In the meantime I decided to go with the current Lindeburg book (the one with mixed reviews). I figured I'll start going through that at a relaxed pace sometime in the next month or two, then buy the new preparation material when it comes out. Then hopefully I'll be set for a early 2014 FE exam.


----------



## Mike in Gastonia (Aug 12, 2013)

solomonb said:


> I say buy the Lindberg manual and begin your preparation. Go to NCEES and review the test protocol for the discipline specific examination. There will be some changes when going to CBT, however, the basic discipline domain material will probably be the same, if not similar.
> 
> The new CBT protocols will be released in early November 2013-- however, you can review the material now-- you need all the review you can get-- even if they don't test it, you can review it.

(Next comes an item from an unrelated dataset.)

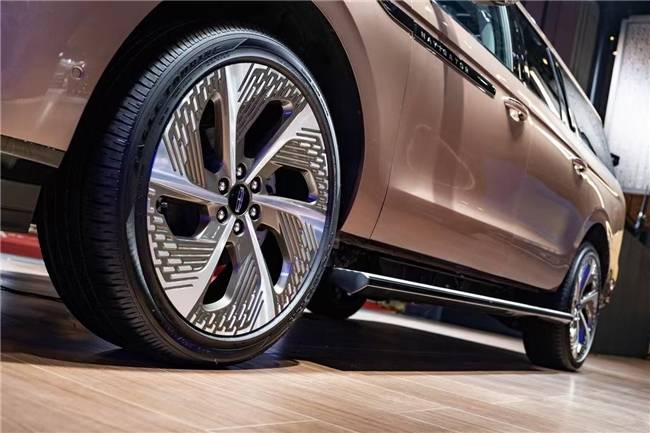 全尺寸豪華SUV之戰,領航員憑啥“殺瘋了”?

If by protocols you mean the test topics, they've been public for a while now. http://cbt.ncees.org/major-domains-for-the-fe-exams-beginning-in-2014/


----------



## s.xie93 (Aug 14, 2013)

@ pcboiler, when you said:



pcboiler said:


> In the meantime I decided to go with the current Lindeburg book (the one with mixed reviews). I figured I'll start going through that at a relaxed pace sometime in the next month or two, then buy the new preparation material when it comes out. Then hopefully I'll be set for a early 2014 FE exam.

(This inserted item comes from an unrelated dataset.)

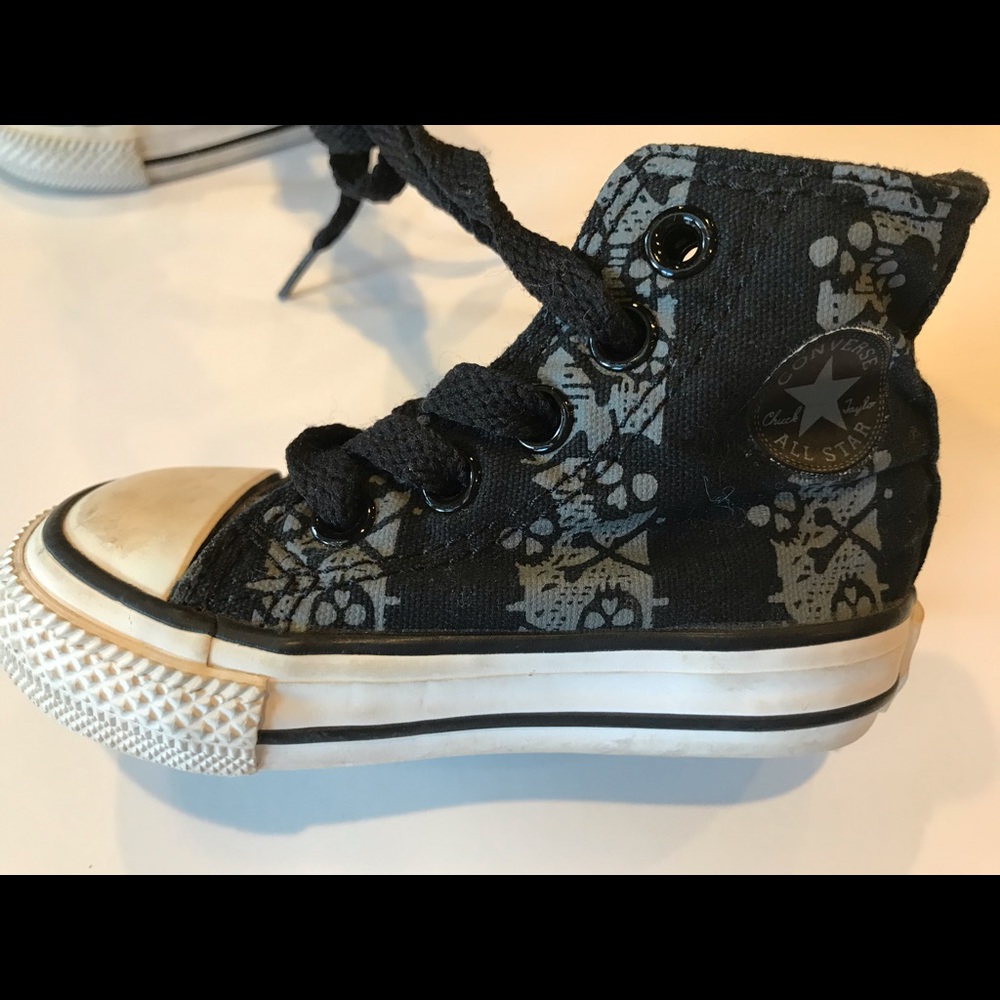 Skull baby convers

Are you using the FE Review Manual that they have now? Idk what you meant by "the one wiht mixed reviews" It's highly rate on amazon lol. Or we're you talking about an ee disciple specific one?


----------



## John QPE (Aug 14, 2013)

I bet you wuld be good with an EE afternoon book from the current test.....I'm looking at the Civil FE test, and it is pretty much on point with the current civil FE exam, but without thermo and chemistry.


----------



## s.xie93 (Aug 16, 2013)

Like I said, unlike other disciplines, the discipline specific books on Amazon are two stars at best.... . .....which it's why I'm wondering if anyone knew of aany ee book that can be helpful. I was looking into Kaplan, so if anyone has any opinions on the reviewbooks thatwould be good too


----------



## pcboiler (Aug 16, 2013)

Email from PPI I got this morning:



> *How is PPI responding to the FE CBT exam changes?*
> PPI will be offering discipline-specific FE CBT products that will be available on November 1, 2013 through FEPrep.com. Our new products will also include the PPI Passing Guarantee.
> 
> FE Prep will also offer an exam simulator that mimics the FE CBT exam, including a split screen as well as access to a searchable FE Reference Equations Handbook.
> ...


----------



## RIP - VTEnviro (Aug 17, 2013)

Per NCEES website...



> Examinees have 6 hours to complete the exam, which contains 110 multiple-choice questions. The 6-hour time also includes a tutorial, a break, and a brief survey at the conclusion.


Whatever happened to 120 in the morning and 60 in the afternoon, 8 hours long with lunch and instructions not included in the time???

They're getting soft on these youngsters! ld-025:

As for study materials, has anyone put out practice problems/exams in the computerized format? I took the exam over 10 years ago so I don't know what they have for review or not these days. It'd be tough for me to do everything with pen and paper and then go electronic for the first time on exam day.


----------